Supplied material:
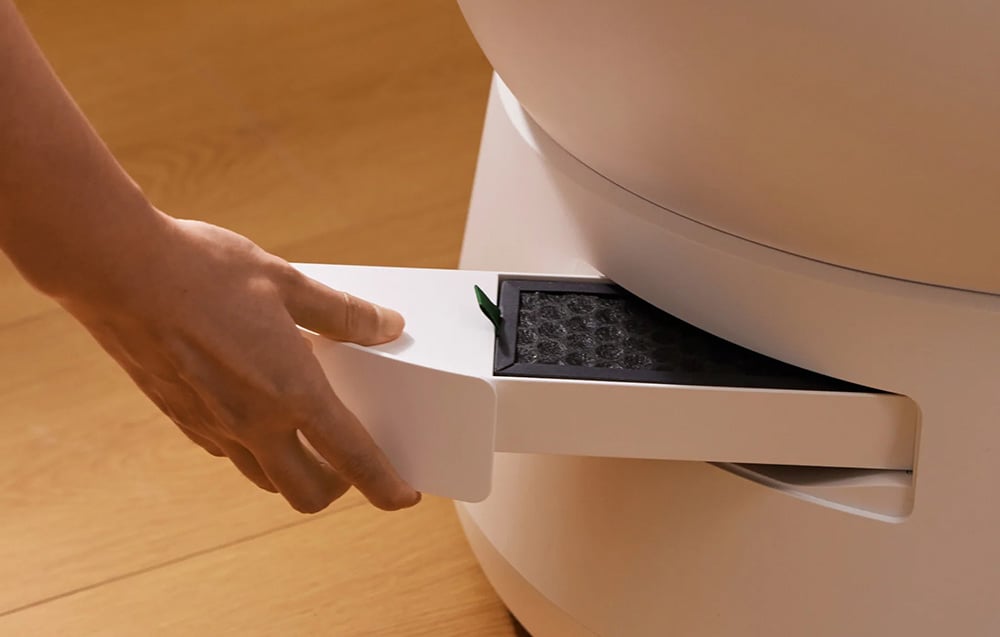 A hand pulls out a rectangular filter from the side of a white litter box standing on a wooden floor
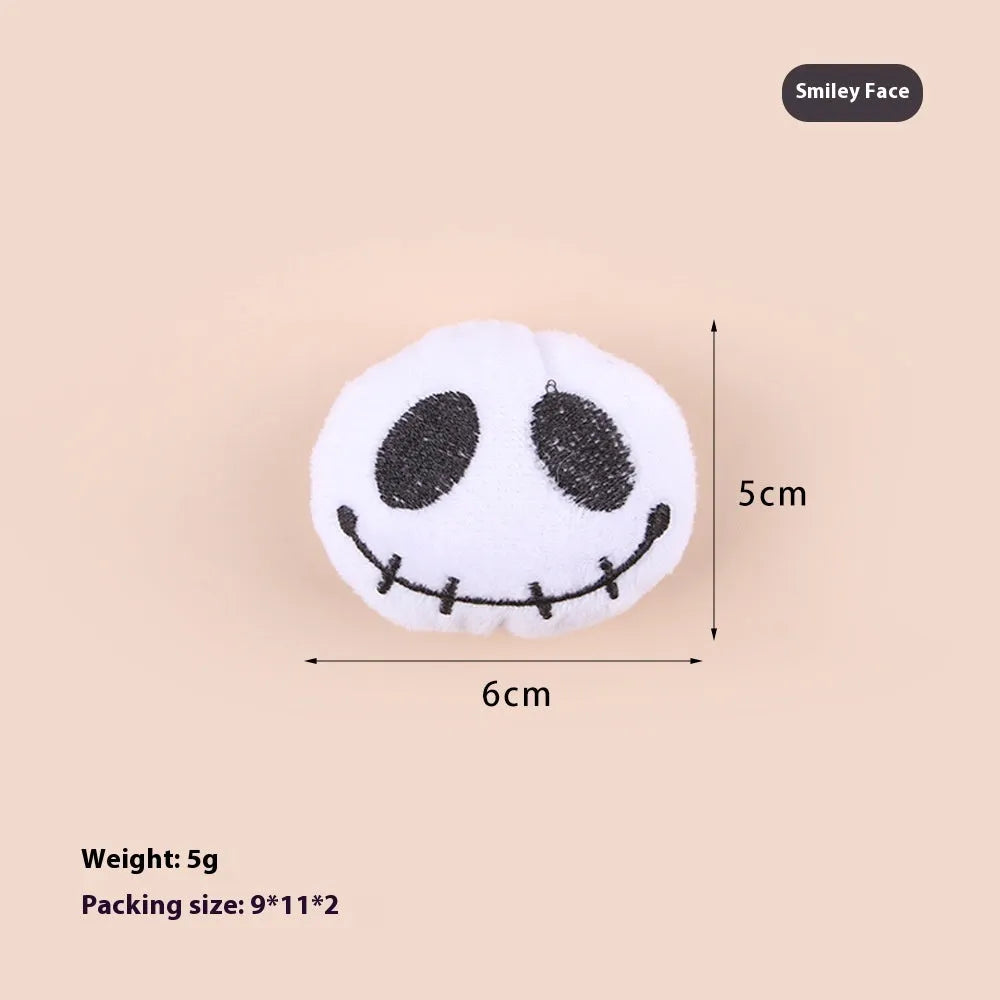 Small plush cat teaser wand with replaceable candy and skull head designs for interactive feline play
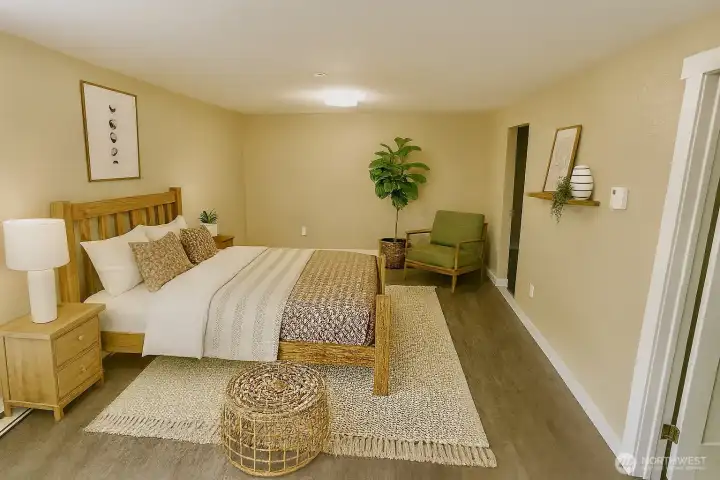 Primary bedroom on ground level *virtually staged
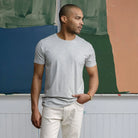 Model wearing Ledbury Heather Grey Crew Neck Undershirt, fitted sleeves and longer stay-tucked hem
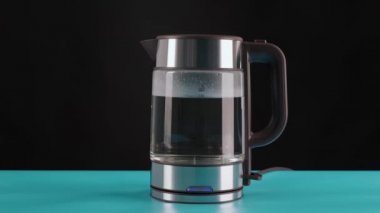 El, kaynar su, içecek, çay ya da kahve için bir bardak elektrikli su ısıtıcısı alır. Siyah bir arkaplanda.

What you need to do:
Print the records exactly and omit all pictures.

Solution for this exercise:
 A hand pulls out a rectangular filter from the side of a white litter box standing on a wooden floor
 Small plush cat teaser wand with replaceable candy and skull head designs for interactive feline play
 Primary bedroom on ground level *virtually staged
 Model wearing Ledbury Heather Grey Crew Neck Undershirt, fitted sleeves and longer stay-tucked hem
 El, kaynar su, içecek, çay ya da kahve için bir bardak elektrikli su ısıtıcısı alır. Siyah bir arkaplanda.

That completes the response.